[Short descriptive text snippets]

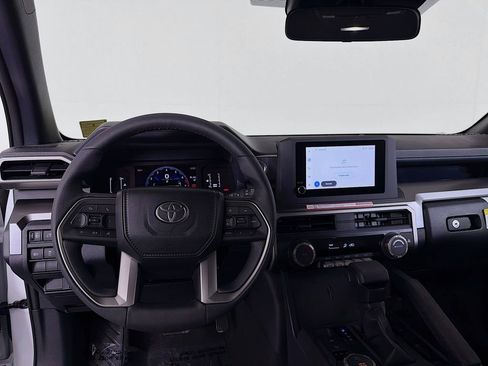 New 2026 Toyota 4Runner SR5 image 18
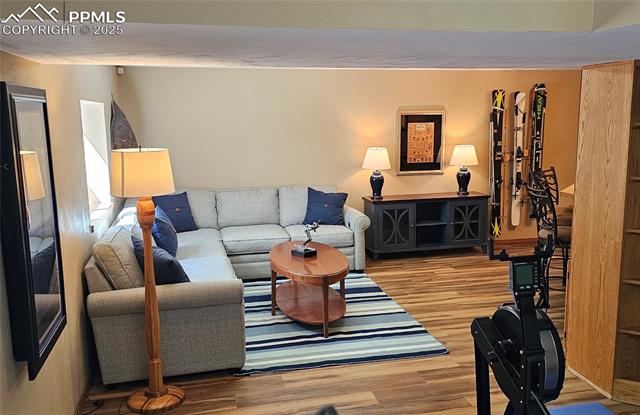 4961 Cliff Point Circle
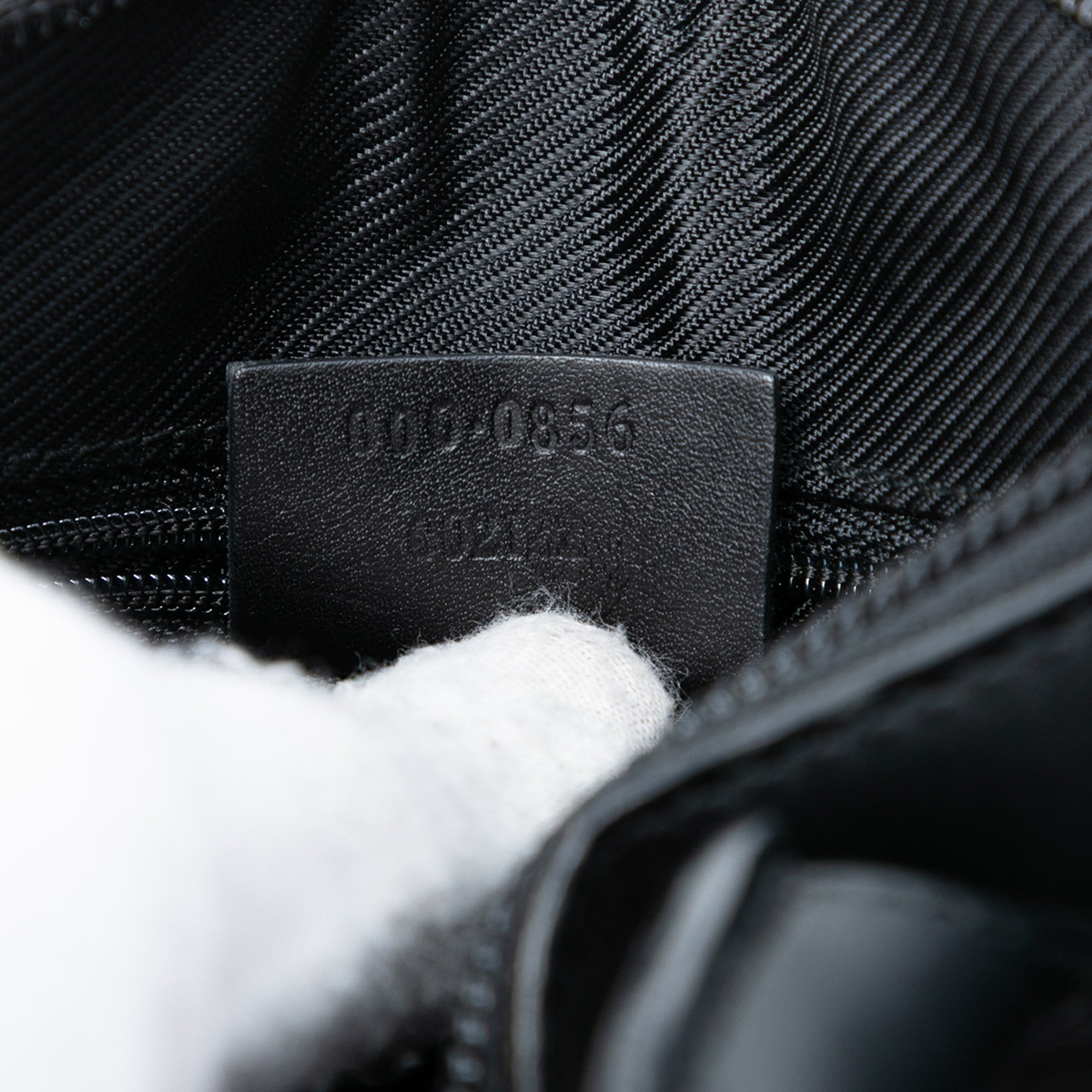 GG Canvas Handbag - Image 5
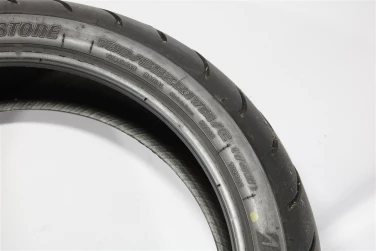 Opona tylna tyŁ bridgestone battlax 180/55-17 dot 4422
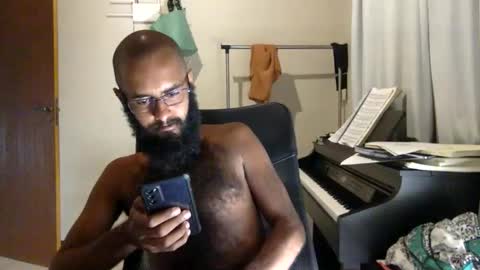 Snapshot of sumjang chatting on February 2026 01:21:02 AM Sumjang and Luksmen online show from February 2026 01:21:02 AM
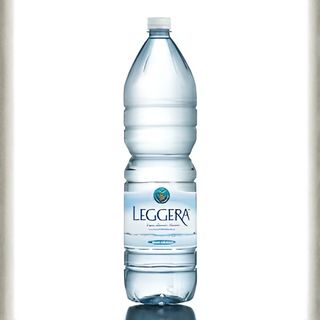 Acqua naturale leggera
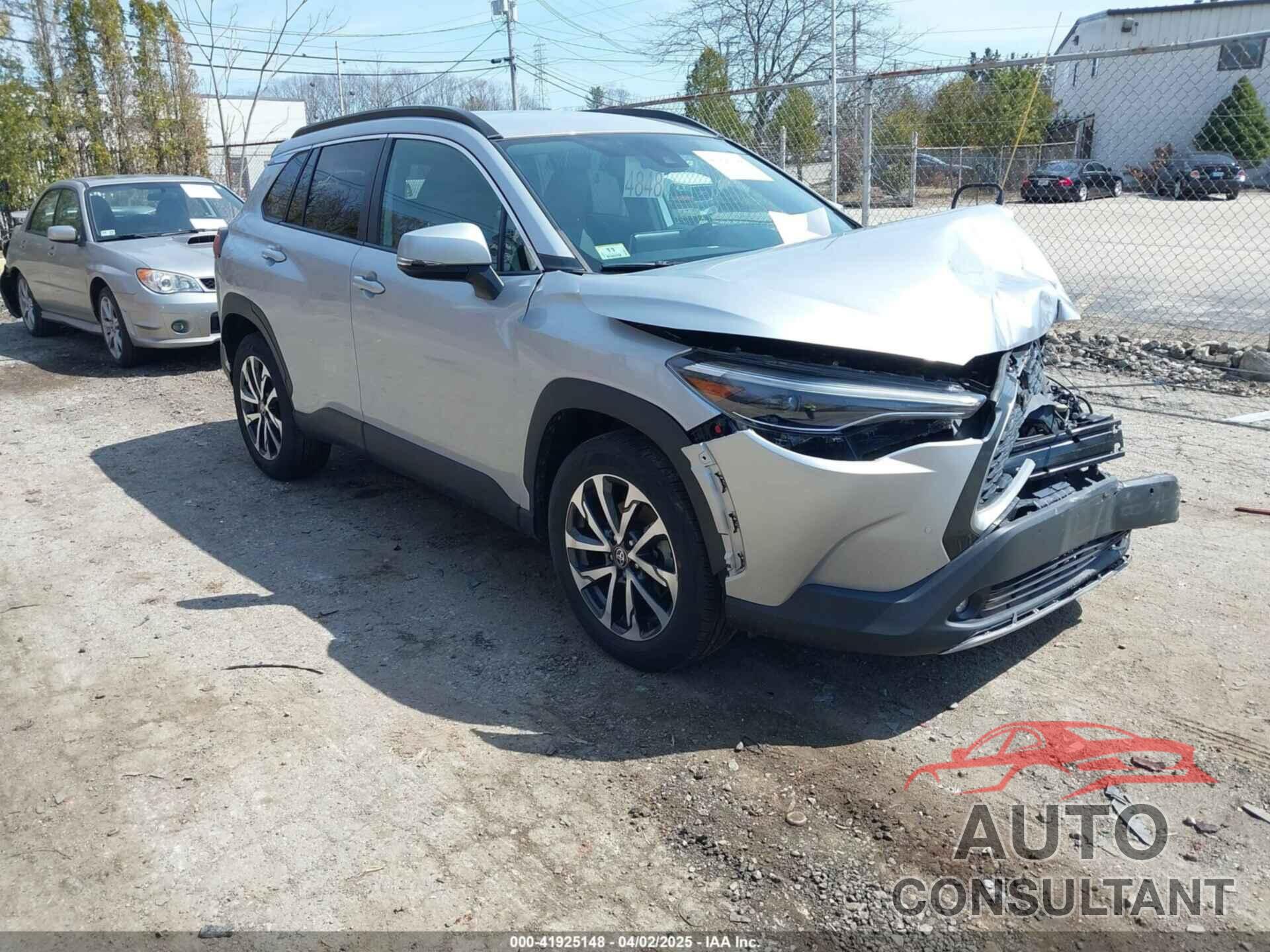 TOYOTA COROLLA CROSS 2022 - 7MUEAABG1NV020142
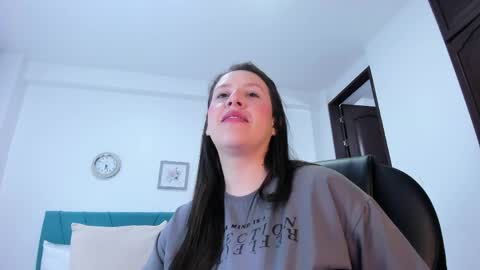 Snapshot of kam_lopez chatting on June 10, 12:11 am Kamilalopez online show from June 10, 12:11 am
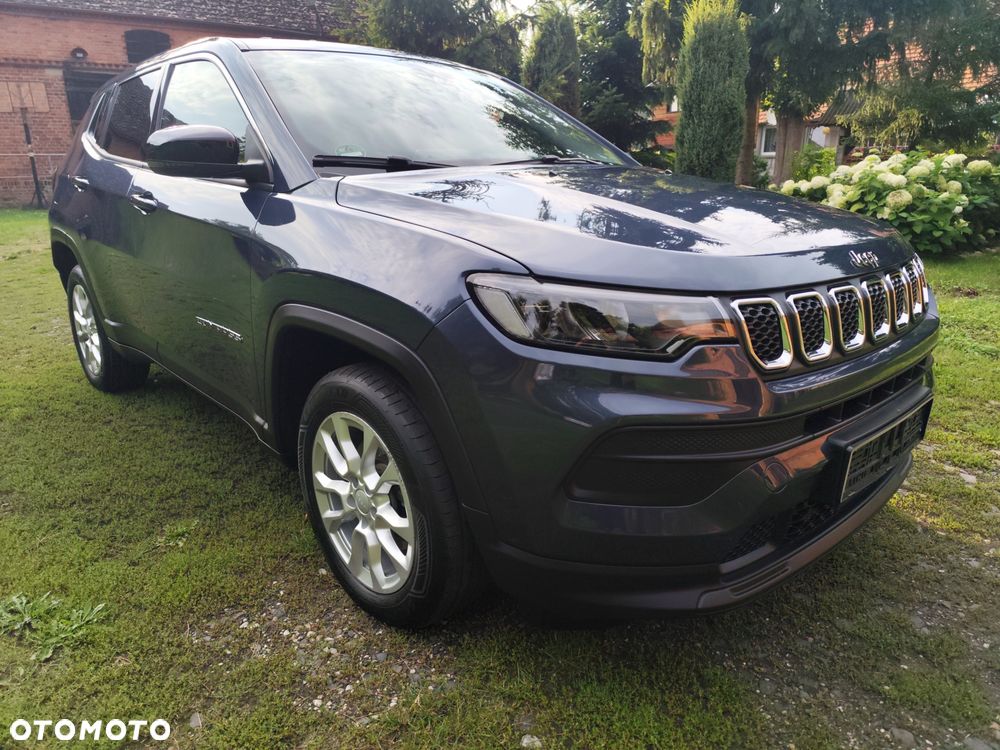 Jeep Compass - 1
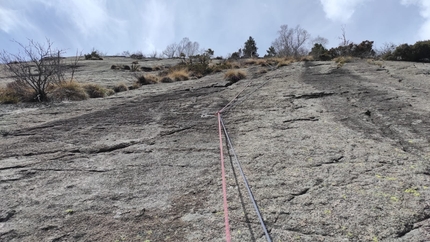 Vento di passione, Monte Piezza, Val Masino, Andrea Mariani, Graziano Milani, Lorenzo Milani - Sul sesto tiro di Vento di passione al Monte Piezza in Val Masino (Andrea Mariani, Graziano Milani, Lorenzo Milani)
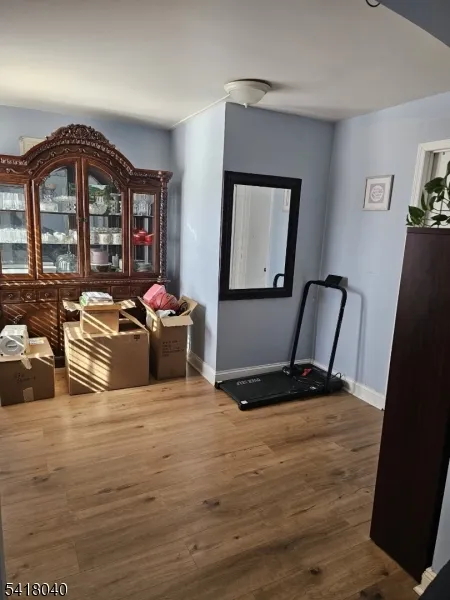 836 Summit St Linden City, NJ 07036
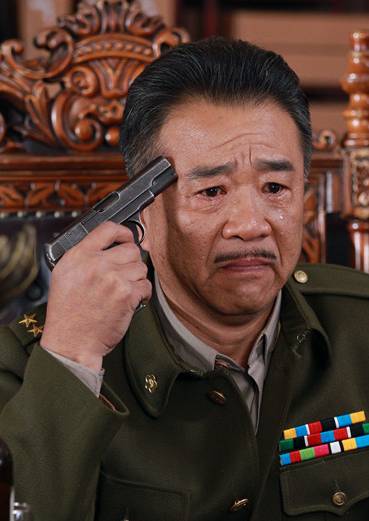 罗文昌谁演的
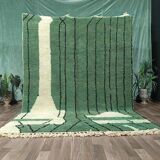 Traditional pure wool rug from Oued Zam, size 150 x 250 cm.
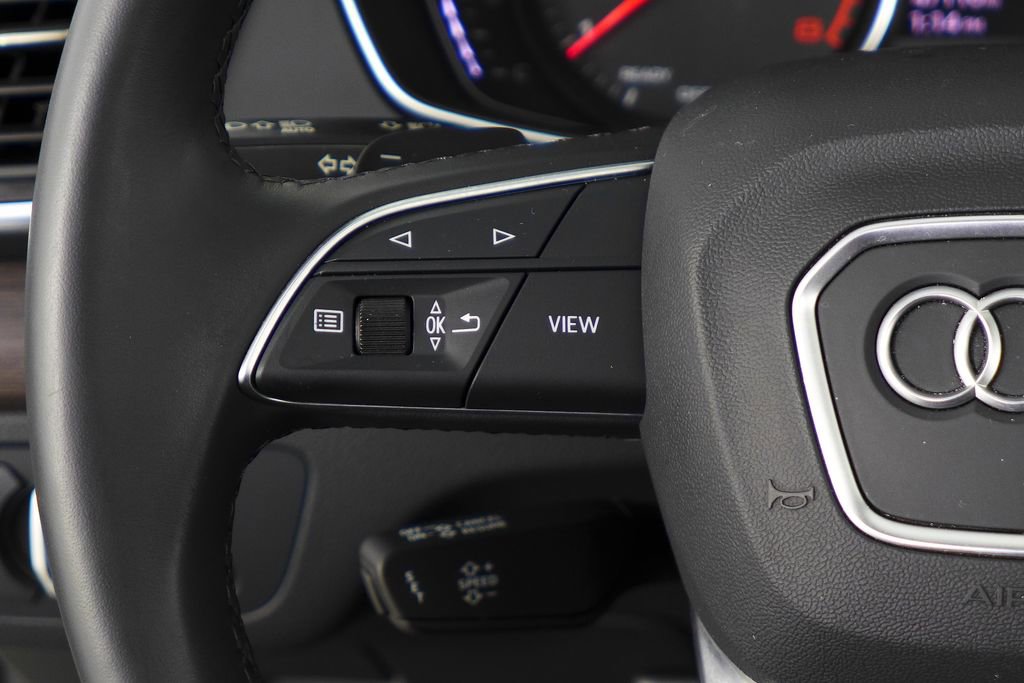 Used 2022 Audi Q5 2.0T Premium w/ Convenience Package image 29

-- Task to carry out --
Word for word, set down the lines from the line with "GG Canvas Handbag - Image 5" through the last line of the entries, and nothing else; the pictures stay out.

-- Your response --
 GG Canvas Handbag - Image 5
 Opona tylna tyŁ bridgestone battlax 180/55-17 dot 4422
 Snapshot of sumjang chatting on February 2026 01:21:02 AM Sumjang and Luksmen online show from February 2026 01:21:02 AM
 Acqua naturale leggera
 TOYOTA COROLLA CROSS 2022 - 7MUEAABG1NV020142
 Snapshot of kam_lopez chatting on June 10, 12:11 am Kamilalopez online show from June 10, 12:11 am
 Jeep Compass - 1
 Vento di passione, Monte Piezza, Val Masino, Andrea Mariani, Graziano Milani, Lorenzo Milani - Sul sesto tiro di Vento di passione al Monte Piezza in Val Masino (Andrea Mariani, Graziano Milani, Lorenzo Milani)
 836 Summit St Linden City, NJ 07036
 罗文昌谁演的
 Traditional pure wool rug from Oued Zam, size 150 x 250 cm.
 Used 2022 Audi Q5 2.0T Premium w/ Convenience Package image 29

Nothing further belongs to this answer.